Colloquially, risk entails the potential for loss in the face of potential gains. (Our hypothetical teenager is risking his life driving too fast.) In economics, the term risk is defined as the variability in the outcome1—the stock market has more risk than an FDIC-insured savings account. This is a form of uncertainty, and it is now known that there are representations of risk and uncertainty in our brains.2 As we will discuss in depth in Chapter 14, there are differences between expected variability (a known probability, such as the chance of rain), unexpected variability (a surprise, such as when something that has been working suddenly breaks), and unknown variability (ambiguity, when you know that you don’t know the probabilities). Animals will expend energy to translate unknown variability into expected variability and to reduce expected variability.3

Imagine you are an animal, entering a new environment. You don’t know what dangers lurk out there. You don’t know what rewards are available. Before you can make yourself safe from those dangers and before you can gain those rewards, you have to explore the environment.4 Imagine that you have explored part of the environment. Now you have a choice: Do you stay and use the rewards you’ve already found, or do you go looking for better ones?

Animals tend to be risk-averse with gains and risk-seeking with losses. This is the source of the difference in the Asian flu example in Chapter 3—phrased in terms of saving lives, people take the safe option, but phrased in terms of losses, people take the risky option.5 But this isn’t the whole story either, because risk and reward interact with exploration and uncertainty.

Interestingly, the most risk-seeking behavior tends to occur in adolescents.6 Adolescents are at that transition from dependence to independence. Humans first develop through a youth stage during which they are protected and trained. At the subsequent adolescent stage, humans go exploring to see what the parameters of the world are. As they age out of adolescence, humans tend to settle down and be less risk-seeking. This ability to learn the parameters of the world after a long training period makes humans particularly flexible in their ability to interact with the world.

An interesting question is then to ask What drives exploration? Animals, including humans, have an innate curiosity that drives us to explore the world. But as the proverb says, “curiosity killed the cat.” Exploring is dangerous. A fair assessment of the dangers could lead us to be unwilling to take a chance. On average, however, people tend to underestimate dangers and to be overoptimistic about unknowns,7 which tends to drive exploration, while still maintaining intelligent behavior in the parts of the world we do know. (Remember, “the grass is always greener on the other side of the hill”—except when you get there, and it’s not.)
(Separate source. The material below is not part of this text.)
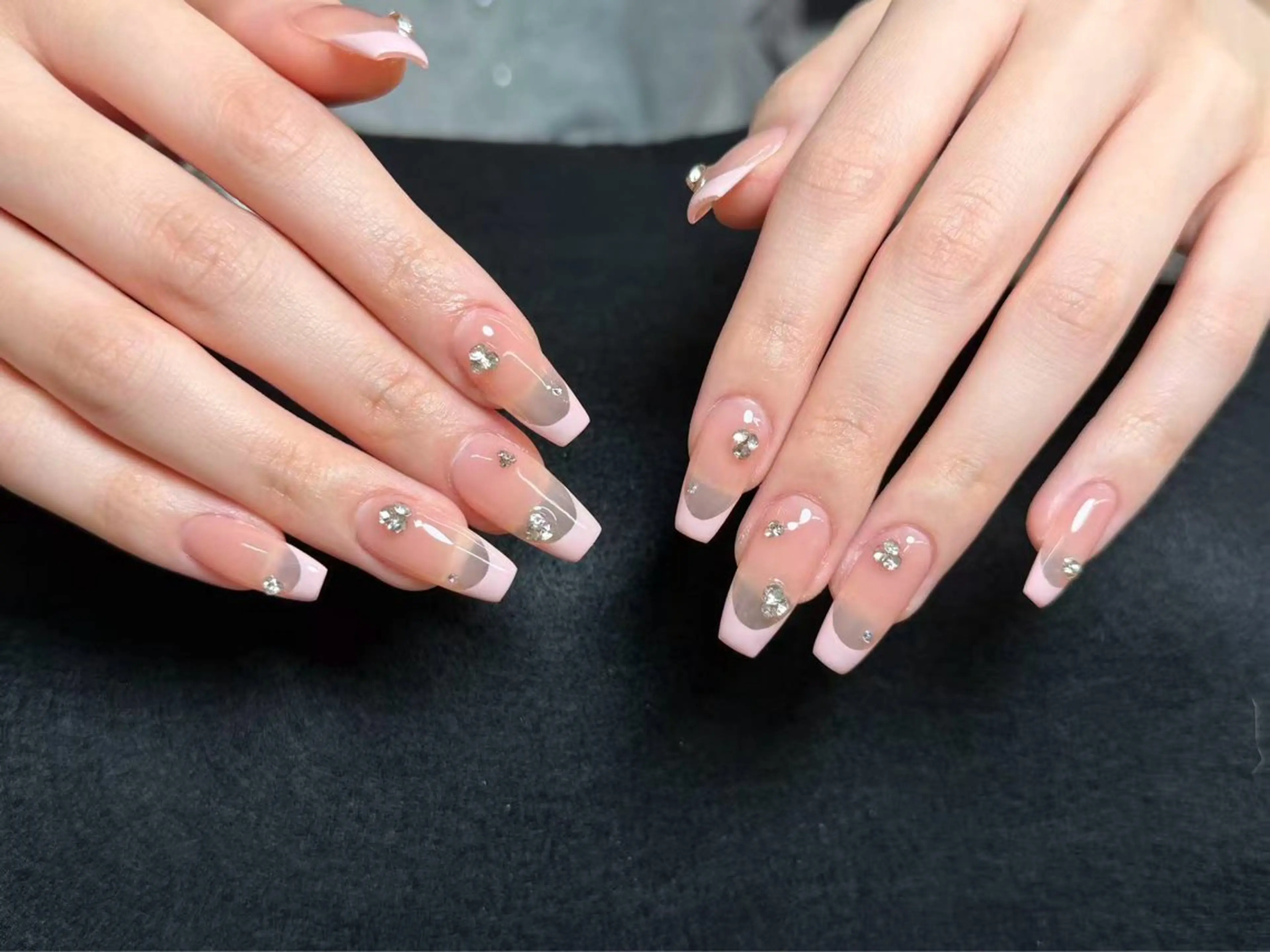 ネイル ハンドネイル ハンドケア Kaka_ パラジェル、長さだしのネイルデザイン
So how is the teenager speeding down a road an example of exploration overwhelming exploitation? Our hypothetical teenager is unlikely to be speeding down an untraveled road. When animals are exploring new territory, they tend to travel very slowly, observing everything around them.8 But our hypothetical teenager is testing his limits, trying to figure out how good his reaction times are, how fast he can go while still maintaining control of the car. If the teenager is overestimating his abilities or underestimating the likelihood of meeting an oncoming car on that windy, dark road that late at night, the consequences can be tragic.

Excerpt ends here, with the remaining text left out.